I’m sorry but this motor was designed and built by professionals. It’s one of the things RG bragged on. So to say they didn’t think about what would happen if they lost an injector is plain BS. Sounds like another lame RG excuse to me. For as long as the first car has been out, you would think the bugs would be worked out. That test mule has over 10k miles on it. How could you not have bashed the hell out of that car in 10k miles?
When a major OE comes out with a motor, they throw dozens of them on dynos in varying regimens and test them to failure or expected lifetime 24 hours a day for months to a year. Some of this is because they "value engineered" the motor a bit and want to make sure it doesn't bite them, but most of it is because they take these things very seriously, especially when you consider how many product lines the engine ends up on. Polaris and BRP put their SxS motors EVERYWHERE. A common failure with the motor and its ECU parameters will have echoes across the entire company.
Test mules themselves? OEs will build dozens or more of them, stick some of them on Kinematics and Compliance testers and let them run.
Some get thrown on a shaker rig, some get thrown on drivetrain dynos and run mercilessly 24 hours a day through a pre-programmed testing regimen (replete with ultra-shitty "weather" across the gamut). Others end up in vehicle development engineers hands like my buddy Dave Coleman at Mazda. There are at least a couple, if not dozens, of these guys at every car company. They flog vehicles on test courses for months. Once they're fairly confident in the vehicle, they go out in public either heavily disguised, or in low populated areas in the hands of these engineers and others on the team (powertrain especially). The startups (like Rivian) tend to "disguise" their mules with super bright wraps, but there are gazillions of miles of testing amongst dozens or hundreds of mules.
Every vehicle that goes out has a gazillion data-logging sensors on it. An engineer notices something, he snap-shots the time period, and they all go back and quantify it in the data. There's enough computing on-board a development mule to shoot a team into space. When one of my longest friends (chief 12VDC engineer at Rivian) stopped by with an R1T that wasn't to start FRP for over a year, there was kilowatts of dataloggers on the thing (and it was still nauseatingly fast). The one he brought by was production drivetrain, batteries, suspension and frame, but the body was hand built and the entire interior was 3D printed. "Please don't slam the doors, they're made of chit ABS."

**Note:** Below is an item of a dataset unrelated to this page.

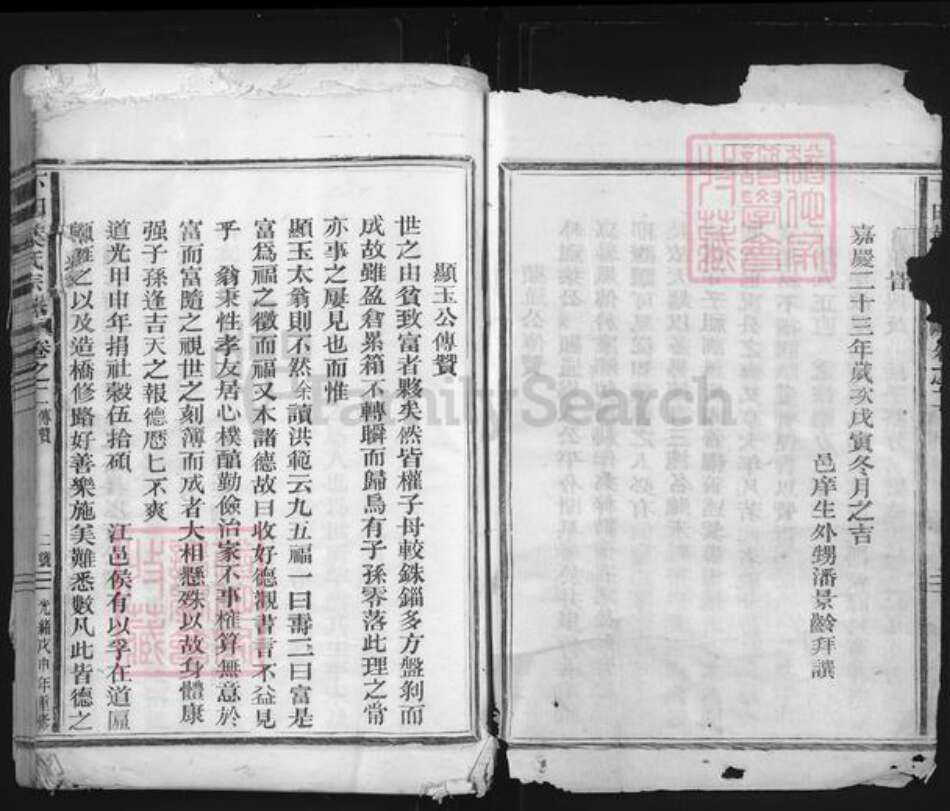 浙江省丽水市松阳县三都乡叶氏族谱-下田叶氏宗谱.pdf电子版预览图3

There's a LOT that goes into making a mass-produced vehicle. A near equal amount (and often more) goes into an engine line. All of this costs money and we end up paying for it when we purchase the vehicle. Despite all of that investment and data, chit slips by (looking at you Polaris). All of this sunk cost in testing is why you see chintzy welds, or thin tubing, or whatever else: all of it costs money, there's only so much you can bake into a vehicle. Compromises have to be made everywhere.